Over 41 per cent of its population lives below the poverty line, based on the $2.15/day international benchmark. This level of deprivation creates a fertile ground for instability, undermining the impact of security deployments and dialogue initiatives.
While tactical teams and emergency reinforcements have been deployed in response to recent attacks, the underlying issues economic hardship, weak border control, and historic land-use disputes continue to challenge the state’s path to lasting peace.
The latest attack also coincides with the rainy season, when internally displaced persons (IDPs) are most exposed due to shelter shortages and deteriorating road networks. Most of the victims in Yelwata were reportedly displaced persons taking refuge in the town’s market square a space that tragically offered no protection from armed violence.

In response, Governor Hyacinth Alia has announced the deployment of more tactical teams and additional reinforcements from federal forces.

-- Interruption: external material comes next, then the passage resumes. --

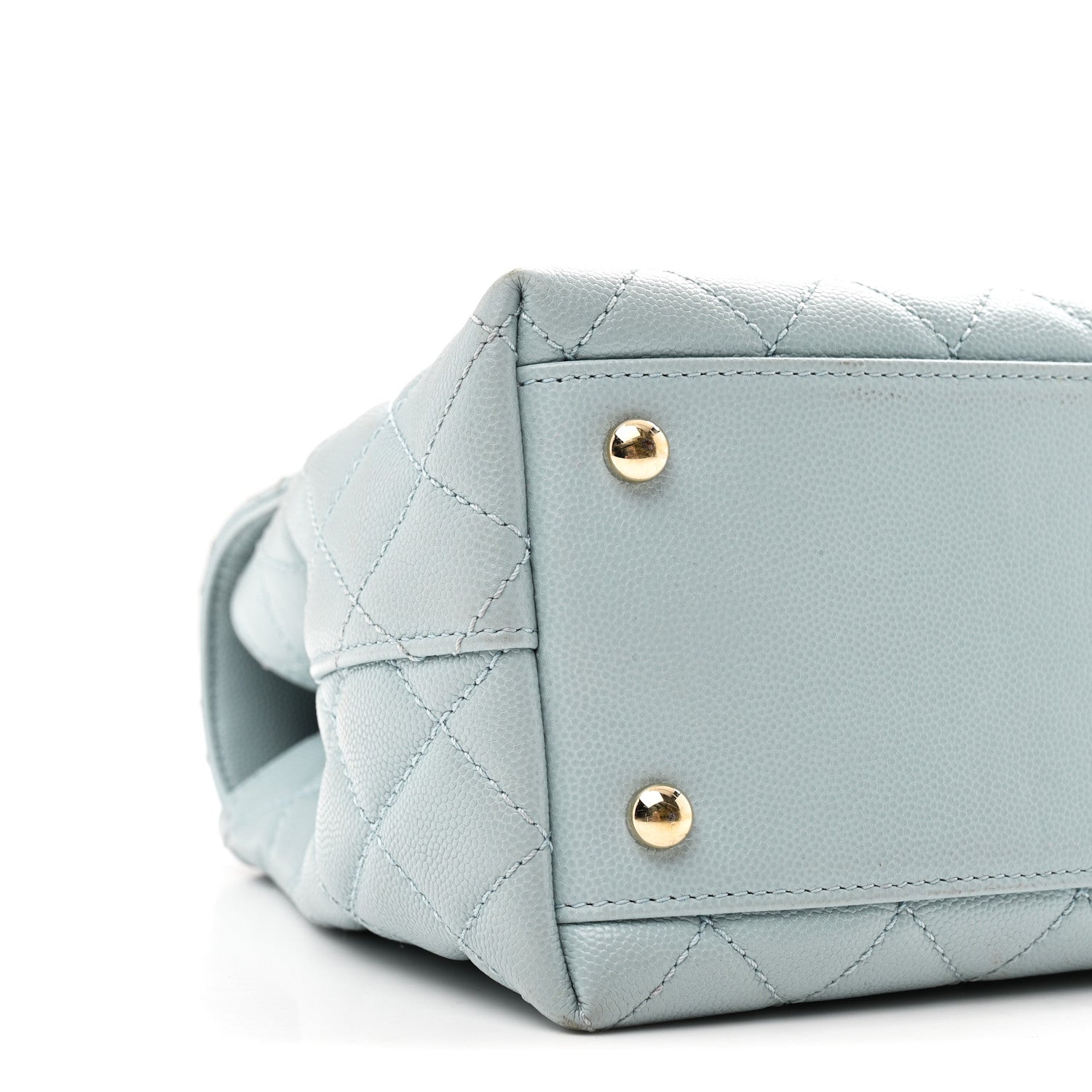 Chanel Caviar Quilted Small Coco Handle Flap Light Blue 8 of 9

A statement from the government also indicates that strategic dialogues are ongoing with traditional rulers, community leaders, and security stakeholders.
The Deputy Governor, Sam Ode, has visited the scene, and officials continue to urge residents to report suspicious activity through authorised channels.

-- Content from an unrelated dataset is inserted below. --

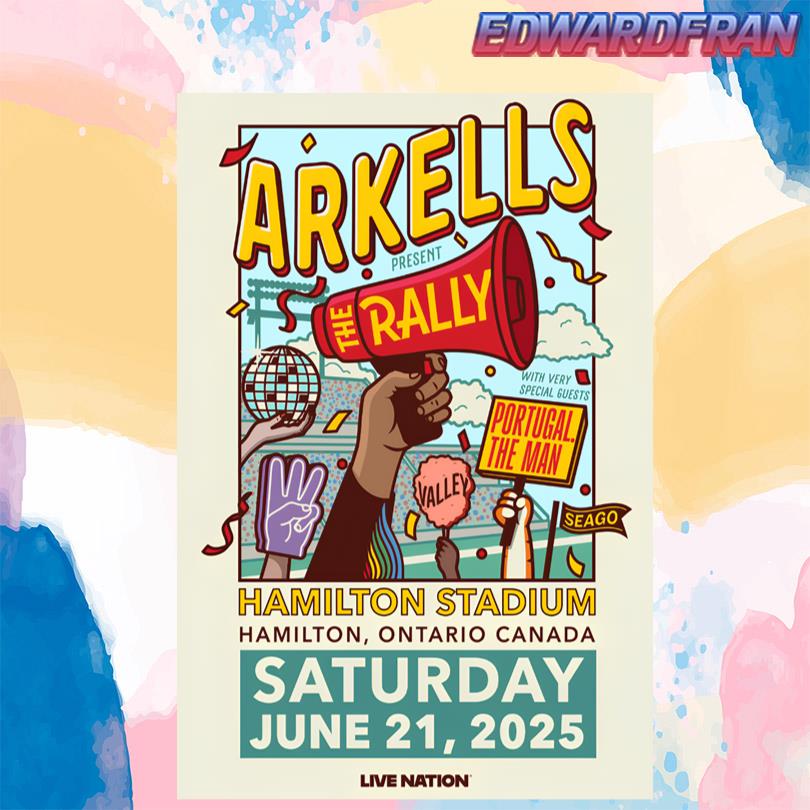 Arkells Hamilton June 21 2025 Poster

Beyond troop deployments and public condemnations, the crisis in Benue’s hinterlands continues to deepen. For years, areas like Guma, Logo, and Ukum Local Government Areas have remained vulnerable to relentless attacks that often go unpunished and unprevented.
In Guma LGA, where the recent Yelwata massacre occurred, at least 40 primary and secondary schools have shut down due to repeated invasions by armed groups. According to education officials and humanitarian assessments, pupils from entire villages have been displaced, with classrooms either destroyed or converted into makeshift IDP shelters.

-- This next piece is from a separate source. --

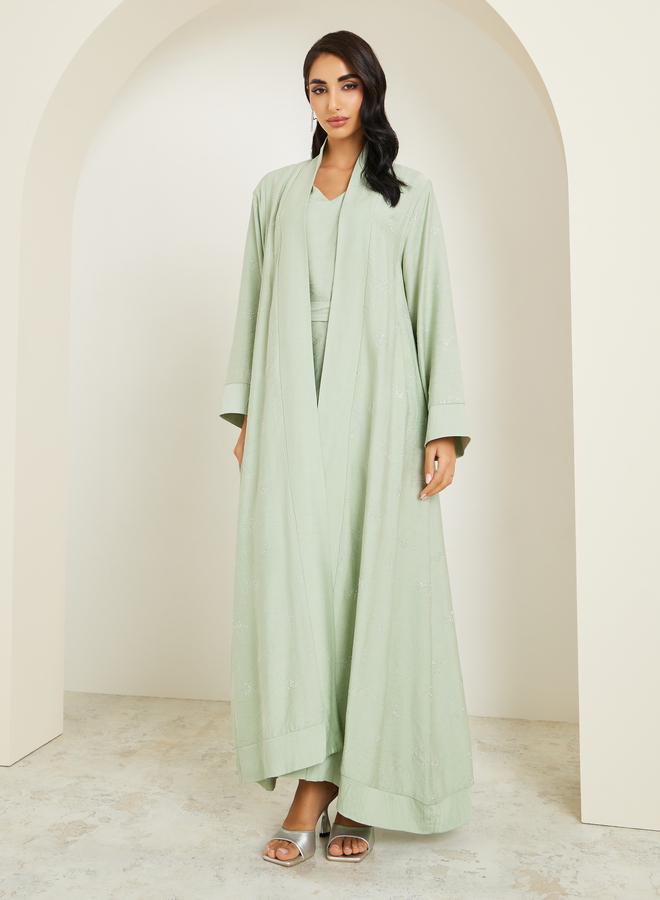 Amirah Women Embellished Abaya and Dress Modest Set - Image 1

In the same region, farming a major livelihood source has collapsed under the weight of fear and insecurity. The once-thriving Ugba International Yam Market in Logo LGA now receives fewer than a quarter of its usual weekly truck volume. Farmers have either abandoned their land or sought refuge in displacement camps, paralysing the local economy.
Recent ACLED data shows that more than 800 people have been killed in Benue since 2022, while over 380 others have been kidnapped across rural communities. These figures underscore a broader national failure to stem the rise in rural violence particularly in regions where state capacity is weakest.
Despite the presence of military and tactical teams in flashpoints like Guma, the pattern of violence remains unchanged: sudden attacks, slow or no response, mass funerals, and then silence until the next incident.
As 2025 reaches its halfway mark, Benue’s death toll continues to climb. Entire communities now exist as ghost towns, with farms overgrown and schools reduced to rubble.
For many in Yelwata and beyond, the most urgent need is not just more boots on the ground, but a strategic rethinking of how Nigeria addresses rural insecurity through preventive intelligence, rapid response capabilities, and justice systems that work.